Oui, ma chérie ?
« On ne peut plus y aller ? »
Sa voix était si faible qu’elle se perdait presque sous le bourdonnement du chauffage.
Je la regardai dans le rétroviseur. « On n’y retournera pas avant longtemps. »
« Jamais ? »
J’avais envie de dire oui tout de suite. J’avais envie de lui promettre que cette maison aux volets verts et à la table à manger cirée ne lui ferait plus jamais de mal. Mais j’avais passé trop d’années à faire des promesses à des gens qui ne les avaient pas tenues.
Alors je lui ai donné la réponse la plus sincère possible.
« Je ne t’emmènerai nulle part où les gens te font sentir indésirable. »
Lily hocha la tête et serra la boîte de biscuits contre elle.

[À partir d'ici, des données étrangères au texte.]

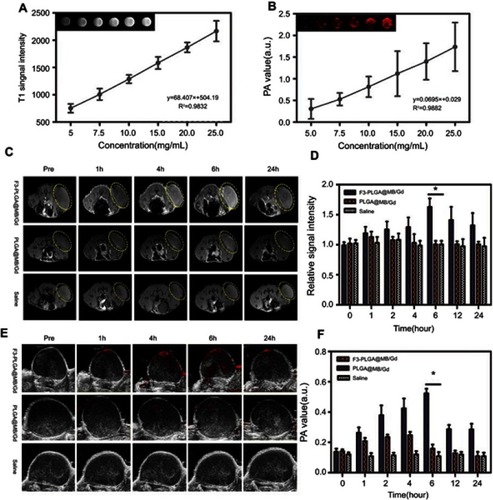 Figure 5 (A)In vitro T1W1 MR images and MRI signal intensities of F3-PLGA@MB/Gd NPs solution at different concentrations (5.0, 10, 15, 20, 25 mg/mL). (B) In vitro PA images and PA values of F3-PLGA@MB/Gd NPs solution at different concentrations (5.0, 10, 15, 20, 25 mg/mL). (C) In vivo T1W1 MR images and the corresponding MRI signal intensities (D) post injection of F3-PLGA@MB/Gd NPs, PLGA@MB/Gd NPs, and saline at different time points (n=3 per group, *P<0.05). (E) In vivo PA images and corresponding PA values (F) Post injection of F3-PLGA@MB/Gd NPs, PLGA@MB/Gd NPs, and saline at different time points (n=3 per group, *P<0.05).Abbreviations: MRI, magnetic resonance imaging; PLGA, poly(lactide-co-glycolic acid); MB, methylene blue; Gd, gadodiamide; NPs, nanoparticles; PA, photoacoustic.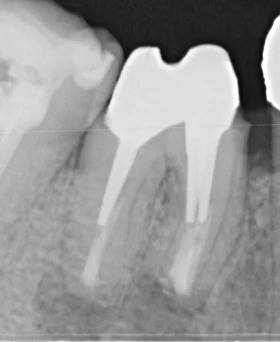 Chirurgie endodontique fin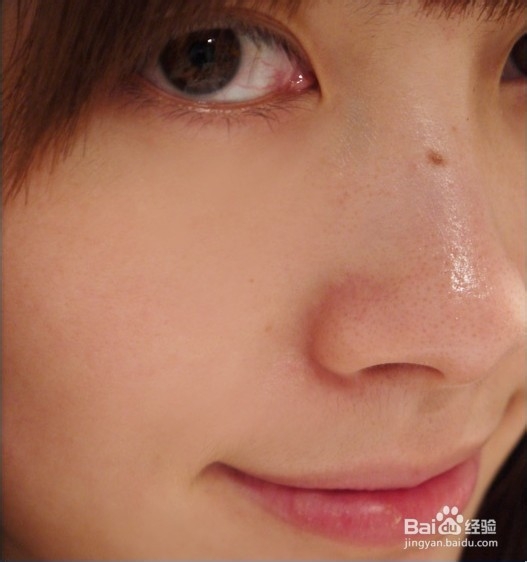 尽早摆脱“草莓鼻”，妮儿给i来支招！！！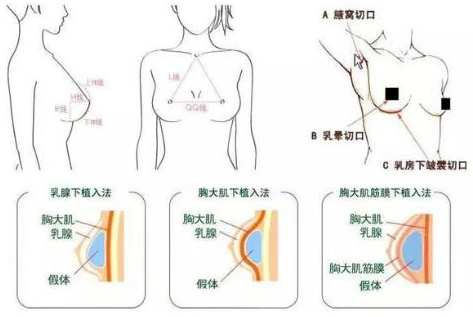 假体隆胸的过程: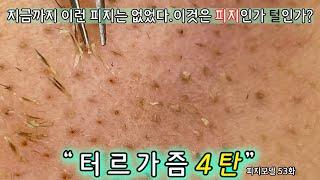 피지 직접 뽑아드렸습니다   피지제거 블랙헤드제거 피지뽑기   대한민국을 터르가즘으로 통일 해보겠다 노원 피지1짱 그녀 4탄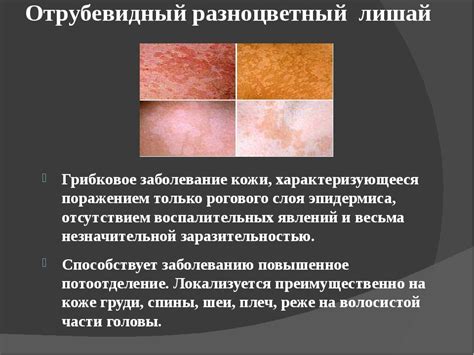 Влияние загара на лишай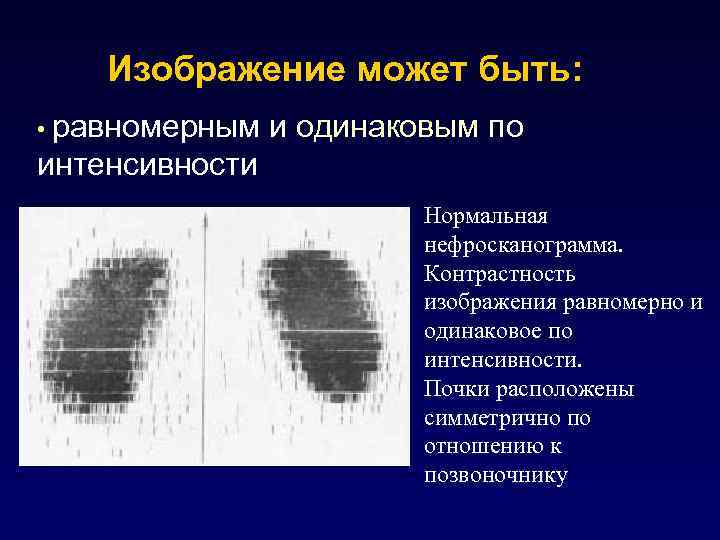 Изображение может быть: • равномерным и одинаковым по интенсивности Нормальная нефросканограмма. Контрастность изображения равномерно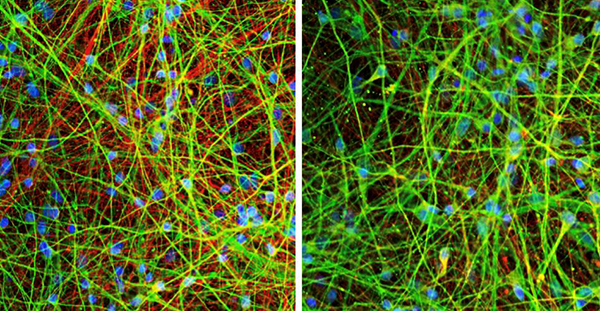 On the left, a cell culture taken from a patient with dementia, with the mutant tau highlighted in red. On the right, the same culture after treatment. 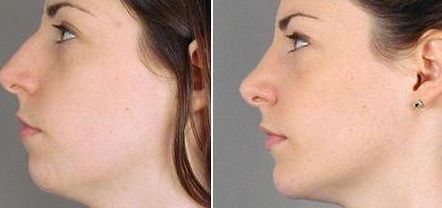 【2023邯鄲祛痘印醫(yī)院哪家好？專家推薦排行榜】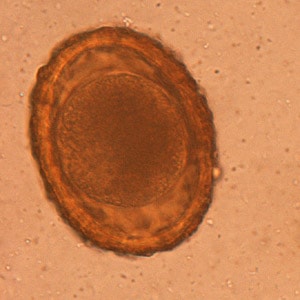 Figure A: Unembryonated egg of <em>B. procyonis</em>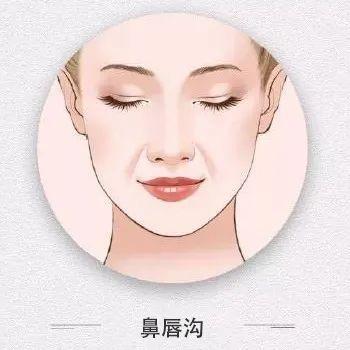 鼻唇沟问题单纯填充就能改善吗?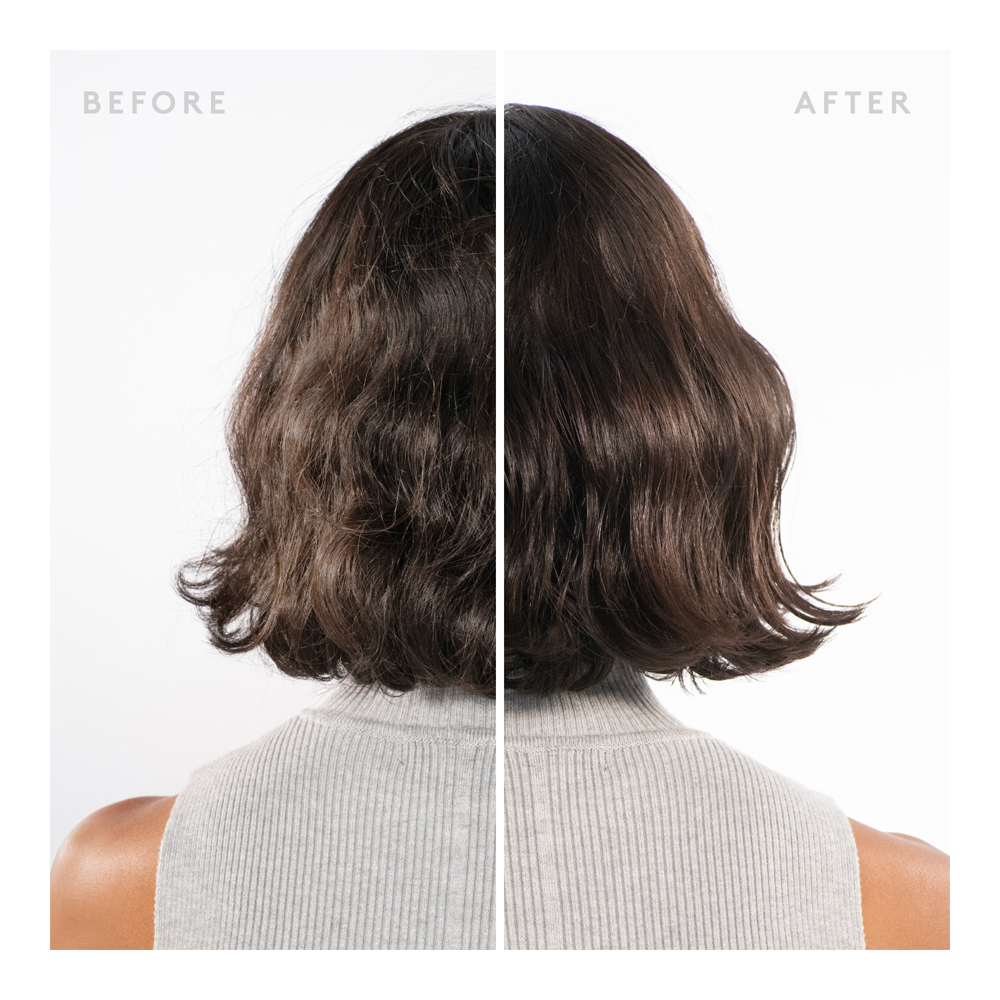 Scalp Remedy Shampoo - 240ml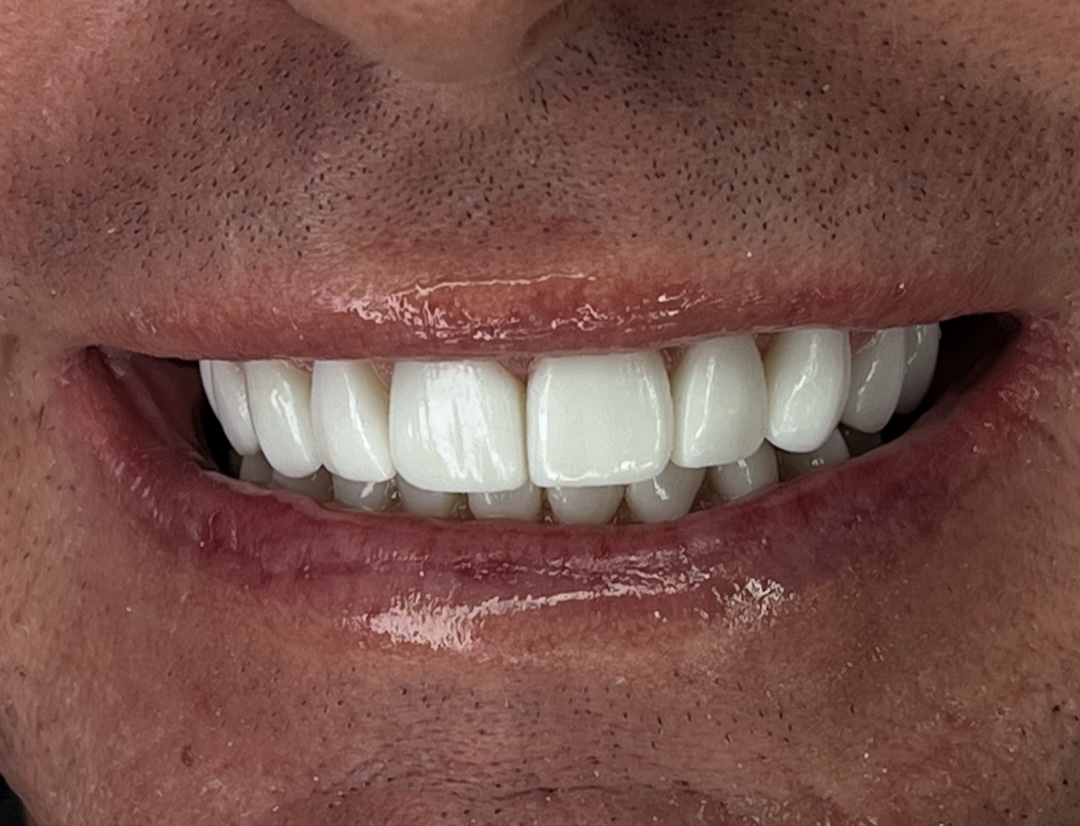 Porcelain veneers — after treatment (couple's case), Dra. Paola Chicue Cali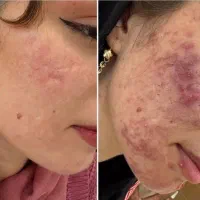 کرم ۸ کاره اصل رفع لک چروک و جای جوش ملاسما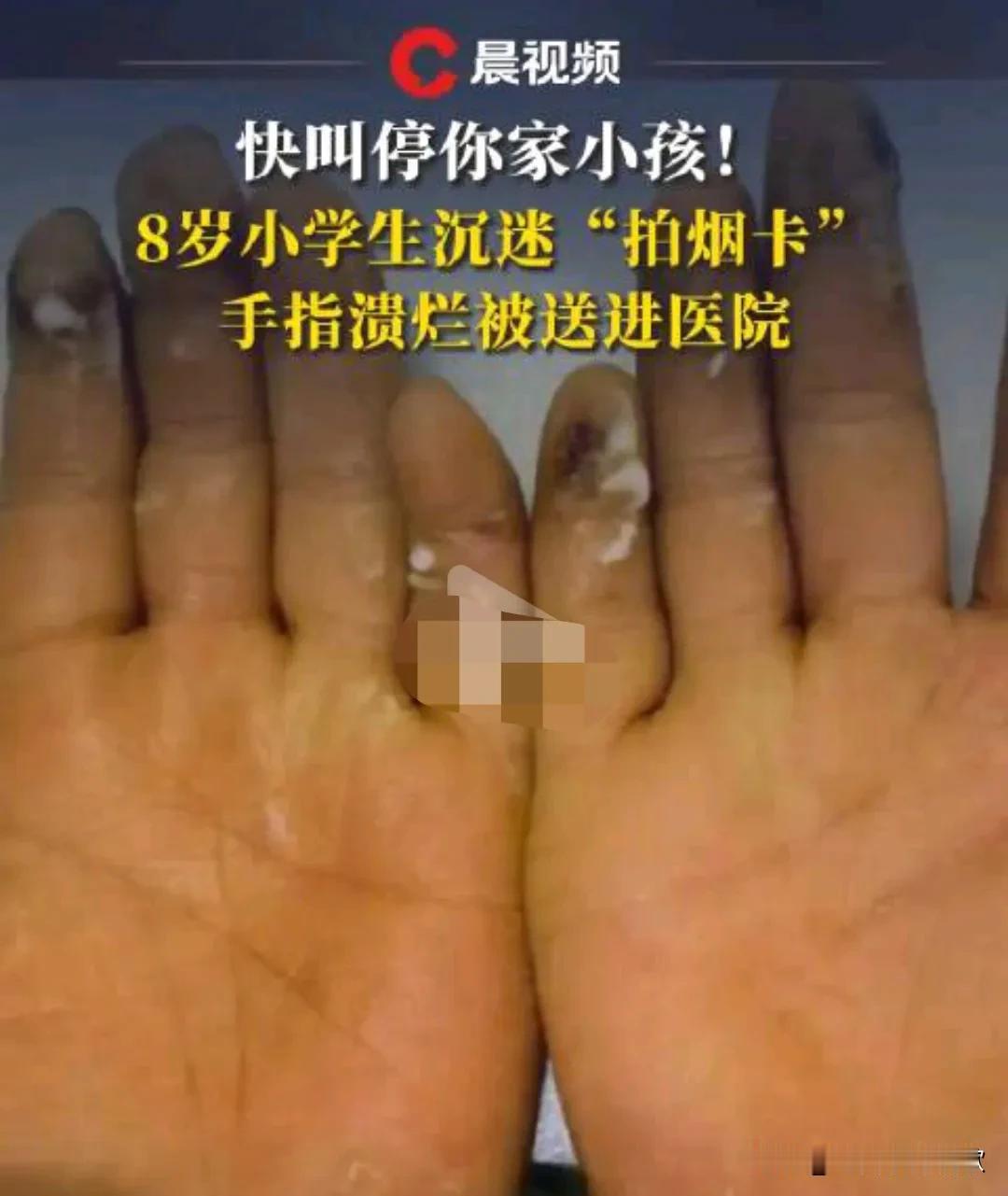 家长们注意了。这真是太不可思议了，想不到拍烟卡，能把手拍成这样。
11月19日潇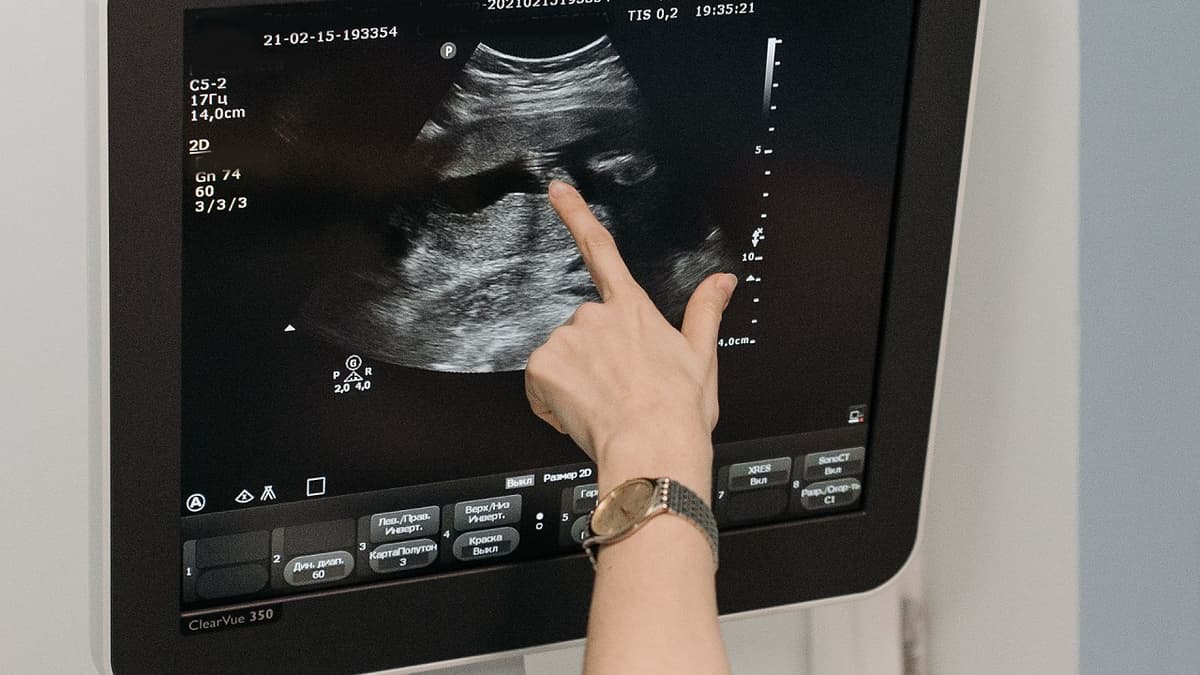 Các chỉ số trong siêu âm doppler tim và cách đọc kết quả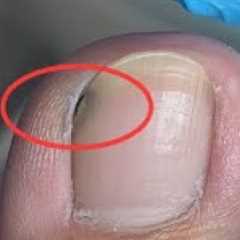 Nails are not cleaned properly and dirt is hidden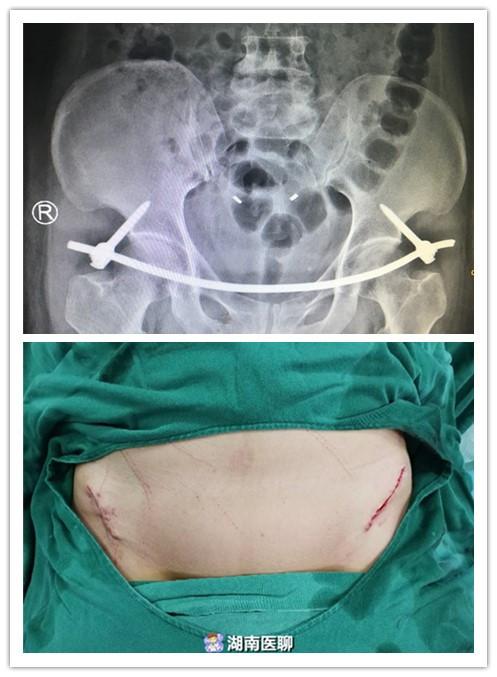 55岁女子车祸骨盆骨折手术后像没事人仅腰上两个小口子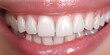 Bright White Teeth: A Close-Up of Dental Veneers. Concept Dental Veneers, Dental Procedure, Cosmetic Dentistry, Bright Smile, Close-Up Portrait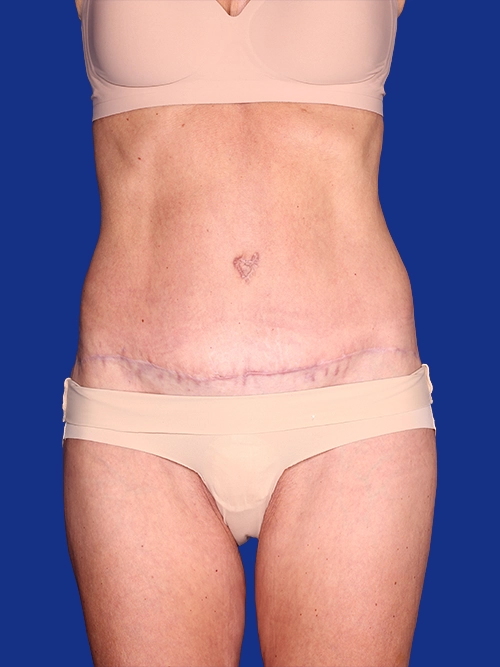 Abdominoplasty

À la maison, je leur ai donné le bain, j’ai enfilé mon pyjama et je me suis installée sur le canapé pour regarder un film. Puis je suis allée dans la cuisine, j’ai ouvert la photo de Vanessa et j’ai vu la salle à manger dévastée.
La nappe était tachée. Les chaises avaient été déplacées. Une assiette cassée gisait par terre. Mon neveu Carter était assis contre le mur, une serviette sur les épaules. Ma nièce Madison pleurait sur les genoux de sa mère. Ma mère était sur un brancard près de la porte d’entrée, entourée de secouristes.
Vanessa avait écrit : « Regarde ce que tu as fait.»
Je suis restée longtemps à fixer ces mots.
Puis je lui ai envoyé un texto : « Tes enfants sont tombés malades parce que la nourriture était mauvaise. Mes enfants ont été humiliés parce que tu es cruelle. Ce n’est pas la même chose.»
Elle a répondu immédiatement.
« Tu nous as abandonnés.»
J’ai jeté un coup d’œil dans le salon. Noah et Lily étaient assis sous une couverture, partageant des biscuits de chez Rosie. Lily a donné le plus gros à Noah sans qu’on le lui demande.
« Non, ai-je répondu. J’ai choisi mes enfants.»
J’ai coupé le son.
Le premier matin de tranquillité
Le lendemain matin, j’ai appelé mon responsable et j’ai demandé à passer au service du matin au lieu de celui de l’après-midi. Je devais être à la maison à la sortie de l’école.
J’ai alors appelé le pédiatre, non pas parce que mes enfants étaient malades, mais parce que j’avais besoin de conseils. L’infirmière m’a écoutée en silence tandis que je lui expliquais la situation.
« Les enfants se souviennent de l’exclusion », a-t-elle dit. « Surtout à l’heure des repas. Rassurez-les. Essayez de maintenir une ambiance calme pendant les repas. Et envisagez une thérapie s’ils commencent à montrer des signes d’anxiété. »
Je l’ai remerciée et me suis assise au bord de mon lit, le regard fixé sur le linge qui s’entassait dans le panier, la facture d’électricité impayée sur la commode et le petit appartement où j’avais autrefois eu honte d’accueillir mes parents.